16:49While the Germans were manufacturing arms at full stretch,
16:54particularly in the Å koda works in Czechoslovakia, which they had by that time occupied.
17:01Now, all this time the Germans were a beehive of activity.
17:05We were doing absolutely nothing.
17:07We'd gone to war for the defence of Poland.
17:11In the event, we did nothing to help Poland at all.
17:15We never lifted a finger.
17:17For the first three months of the war, the greatest number of casualties were in the blackout.
17:23And we confined our war effort to dropping leaflets on the German people,
17:30telling them that it was a bad idea to go to war,
17:33and that it was a pity that they'd done it, and perhaps we might make peace.
17:39The Phony War.
17:41When a German plane crashed in Scotland in November, people came from miles around to see it.
17:50And the Luftwaffe's dead were buried with full military honours.
18:01The War.
18:06Three British divisions went off to France at the beginning of the war.
18:10More followed.
18:11Nearly 200,000 men, said the war minister proudly.
18:15The French had mobilised six million men.
18:18They grumbled that the British weren't taking the war seriously.
18:21Wish me luck as you wave me goodbye.
18:27Cheerio, here I go on my way.
18:32Wish me luck as you wave me goodbye.
18:37Don't forget, don't forget me today.
18:43Give me a smile, I can't keep all the while.

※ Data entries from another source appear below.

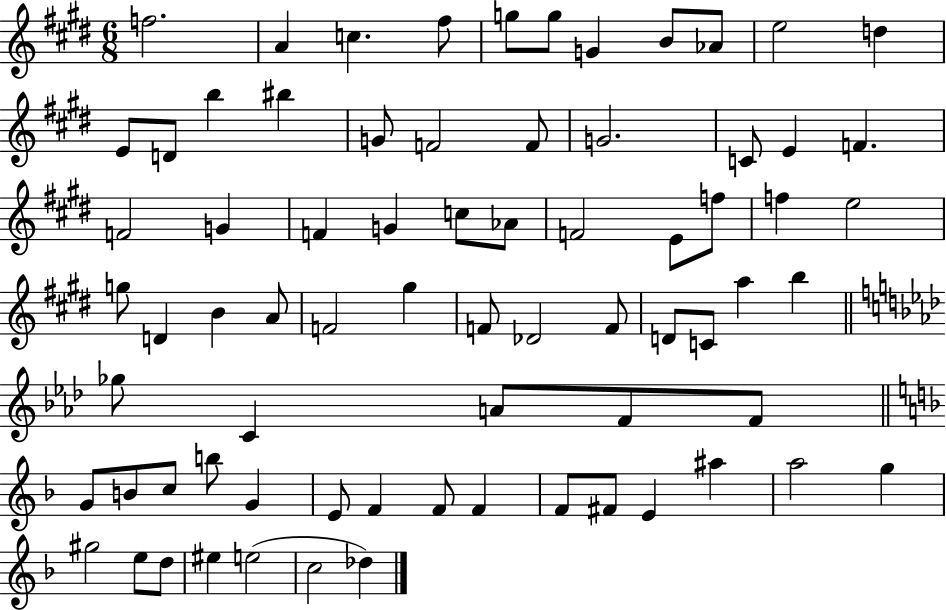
{
  \clef treble
  \numericTimeSignature
  \time 6/8
  \key e \major
  f''2. | a'4 c''4. fis''8 | g''8 g''8 g'4 b'8 aes'8 | e''2 d''4 | \break e'8 d'8 b''4 bis''4 | g'8 f'2 f'8 | g'2. | c'8 e'4 f'4. | \break f'2 g'4 | f'4 g'4 c''8 aes'8 | f'2 e'8 f''8 | f''4 e''2 | \break g''8 d'4 b'4 a'8 | f'2 gis''4 | f'8 des'2 f'8 | d'8 c'8 a''4 b''4 | \break \bar "||" \break \key f \minor ges''8 c'4 a'8 f'8 f'8 | \bar "||" \break \key f \major g'8 b'8 c''8 b''8 g'4 | e'8 f'4 f'8 f'4 | f'8 fis'8 e'4 ais''4 | a''2 g''4 | \break gis''2 e''8 d''8 | eis''4 e''2( | c''2 des''4) | \bar "|."
}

18:48In my heart is a hope that I'm on the way.
18:52Till we meet once again, you and I.
18:58Wish me luck as you wave me goodbye.
19:10In France, training for a war that ended in 1918,
19:14the newsreel reporter tried hard to make it sound impressive.
19:17The expeditionary force, instead of being thrown into the line for immediate operations,
19:21has been able to perfect its training in conditions similar to those at home.
19:25This being a drill in gas masks is our reply to transparent Nazi propaganda,
19:29which seems to indicate that Germany is preparing to employ poison gas.
19:34Infantry battalions exercise with their auxiliary weapons,
19:37awaiting the moment for their use in actual warfare.
19:41The mortar platoon goes into action with a rapidity only acquired by constant practice.
19:45Steel helmets assume a fashionable appearance with the addition of camouflage.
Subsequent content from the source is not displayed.